Larry Trail will be coming home to Ohio County this weekend to honor the brother he lost in Vietnam 49 years ago.
Ohio Fiscal Court voted recently to designate the entire length of Mount Zion Road as "Randell Gene Trail Road" in honor of the fourth man from the Owensboro area to die in Vietnam.
The dedication ceremony is scheduled for 4 p.m. Sunday in Rosine Park.
"They asked me to speak," Larry Trail said. "I'll be coming up from Pensacola, Florida. Several people with Rolling Thunder will be there. We're expecting a lot of people."
The Vietnam War was still popular back home in 1965 when Lance Cpl. Randell Trail went in as a member of I Company, 3rd Battalion, 4th Marine Regiment. But there were protests in the bigger cities and Trail didn't like them, his brother remembers.
"It really made me mad when I heard that," Randell Trail wrote his mother. "If I ever hear anybody say anything about it when I get home, I'll beat his block off."

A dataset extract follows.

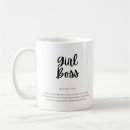 Search for women entrepreneurs mugs Girl power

"He wrote our mother saying we needed to be there," Larry Trail said. "He was very dedicated. He was where he wanted to be."
Randell Trail had been a Marine for 21 months by October 1965 and in Vietnam for eight months, stationed near Da Nang Air Force Base.
He should have been on leave to Okinawa, but his leave was canceled the day he was to have left.
So there he was on Oct. 23, 1965, a platoon leader, leading a night mission against a Viet Cong camp in Thua Thien Province along the north central coast of South Vietnam near the North Vietnamese border.
"They had surrounded an enemy camp and were going in at dawn," Larry Trail said. "When they did, one boy stepped on a land mine."
Randell Trail was severely wounded by shrapnel.
"They flew him to a hospital (Clark Air Force Base Hospital) in the Philippines," Larry Trail said. "I flew in from California (where he was serving in the U.S. Navy). But I didn't get there in time. Four of them passed away, including my brother."
Randell Trail died on Oct. 26 -- three days after he was wounded.
He was 21.
Thua Thien Province was the deadliest area in Vietnam for Americans. Before the war ended, 2,893 U.S. servicemen would die there.
Randell Trail, who was living in Owensboro when he enlisted, is buried in Sunnyside Cemetery in Beaver Dam.
"He would have been 70 last May," Larry Trail said. "I'm two years older. We were raised in Mt. Pleasant, a little town back in the woods. Mt. Zion Road goes back there."
Ohio Judge-Executive David Johnston said the road is about five miles from Rosine, where the ceremony is scheduled.
"Family and friends will be telling stories about him," Johnston said. "Then, we'll unveil the marker on the road."
The road will still be listed as Mt. Zion Road on maps and addresses.
"Randell Gene Trail Road" will be a secondary designation.
Johnston said the road should have been renamed several years ago.
"A few years ago, we started naming roads to honor Vietnam veterans," he said. "Somehow we missed him."
Sunday, the county will rectify the oversight.